● Your assignment:
Skipping any pictures, give all of the records below again exactly.

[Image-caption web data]
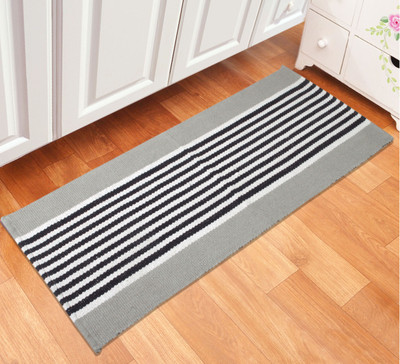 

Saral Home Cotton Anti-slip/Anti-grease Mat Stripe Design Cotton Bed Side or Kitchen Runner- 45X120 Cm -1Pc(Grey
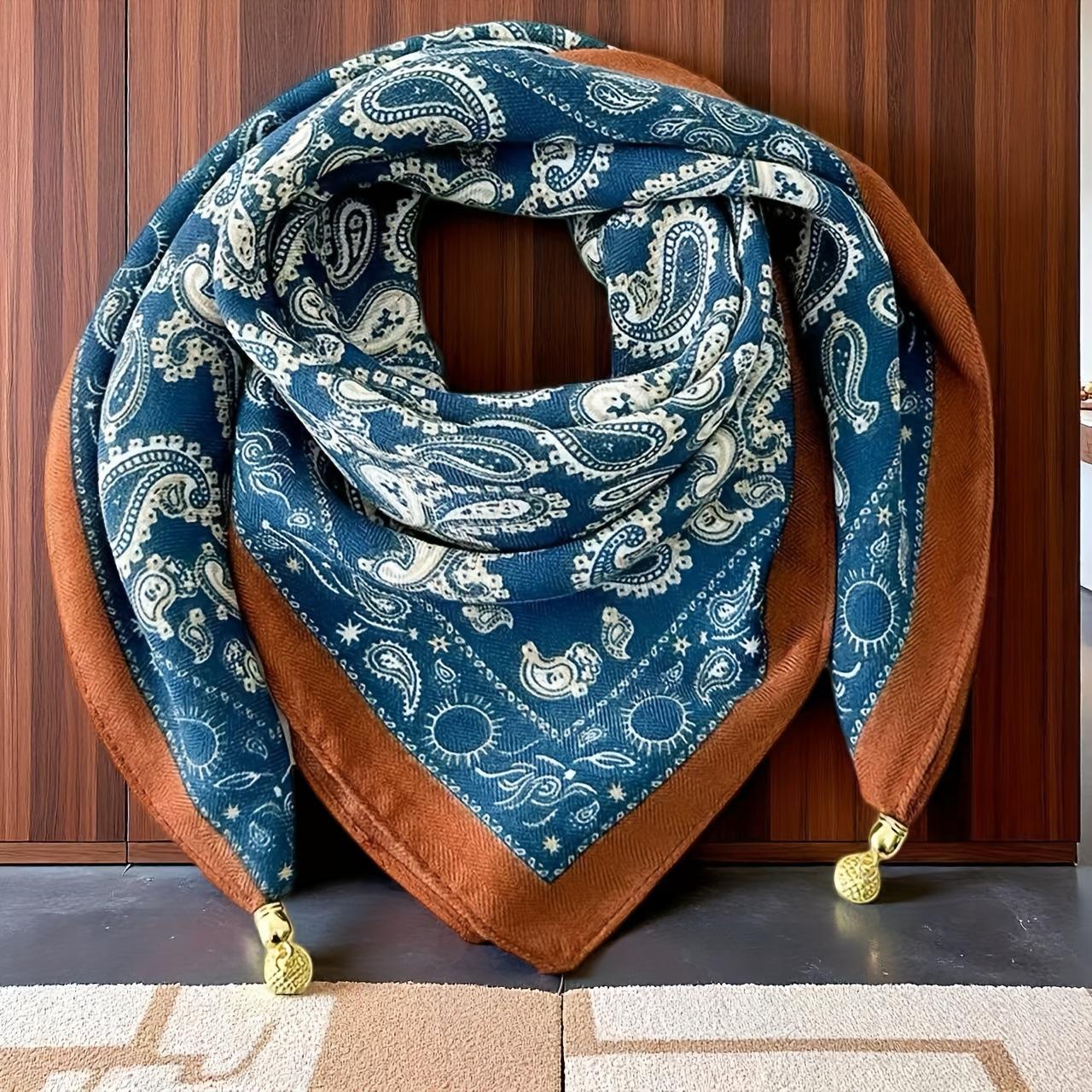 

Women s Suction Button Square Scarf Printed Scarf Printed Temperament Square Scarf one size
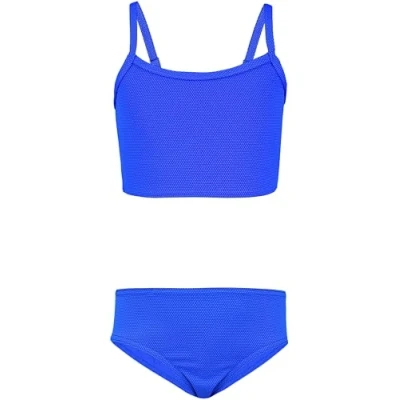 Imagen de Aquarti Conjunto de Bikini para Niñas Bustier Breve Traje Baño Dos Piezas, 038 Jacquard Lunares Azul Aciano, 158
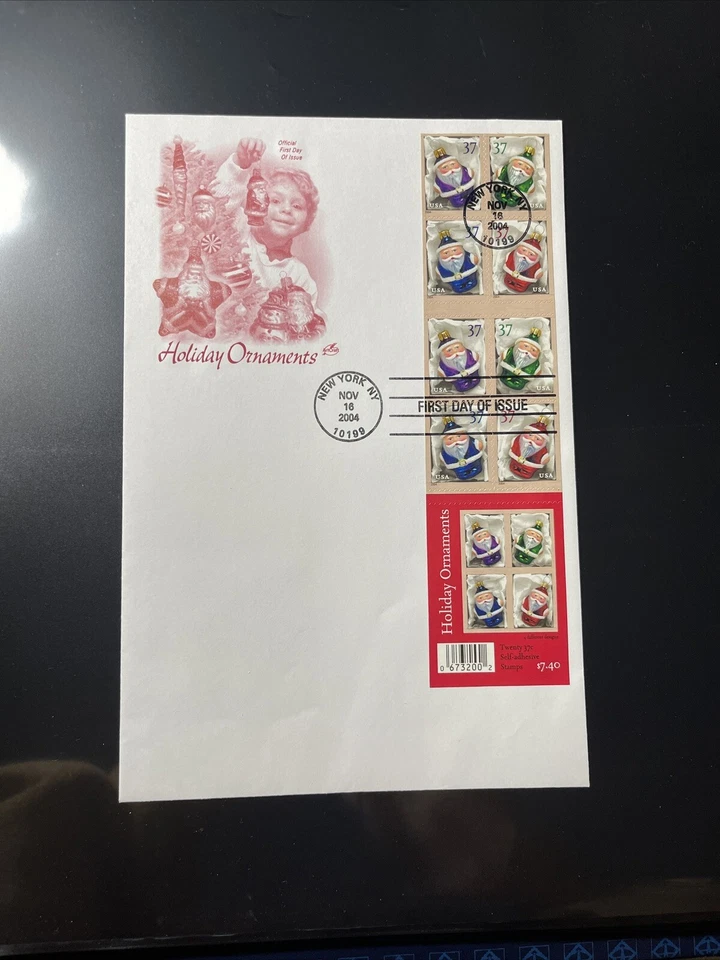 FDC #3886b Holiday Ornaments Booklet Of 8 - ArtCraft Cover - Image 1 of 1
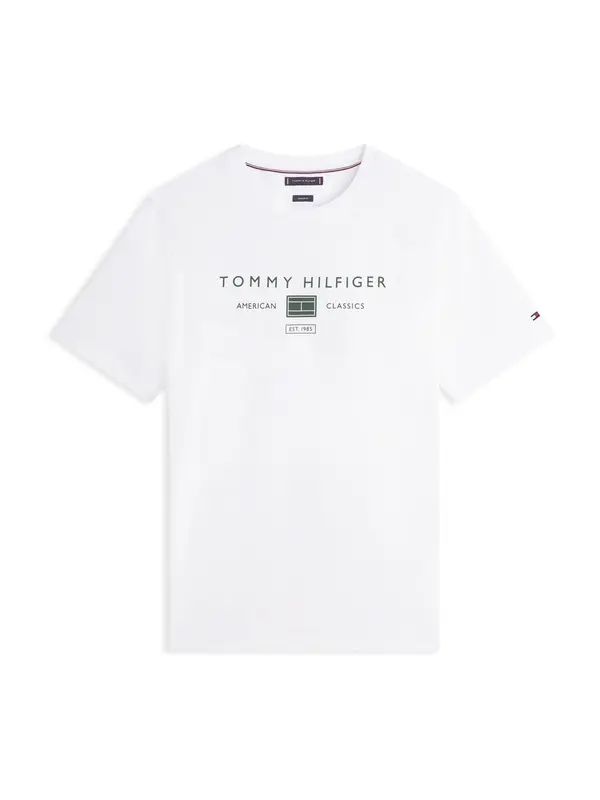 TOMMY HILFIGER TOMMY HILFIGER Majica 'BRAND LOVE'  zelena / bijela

● Written reply:
Saral Home Cotton Anti-slip/Anti-grease Mat Stripe Design Cotton Bed Side or Kitchen Runner- 45X120 Cm -1Pc(Grey

Women s Suction Button Square Scarf Printed Scarf Printed Temperament Square Scarf one size
 Imagen de Aquarti Conjunto de Bikini para Niñas Bustier Breve Traje Baño Dos Piezas, 038 Jacquard Lunares Azul Aciano, 158
 FDC #3886b Holiday Ornaments Booklet Of 8 - ArtCraft Cover - Image 1 of 1
 TOMMY HILFIGER TOMMY HILFIGER Majica 'BRAND LOVE'  zelena / bijela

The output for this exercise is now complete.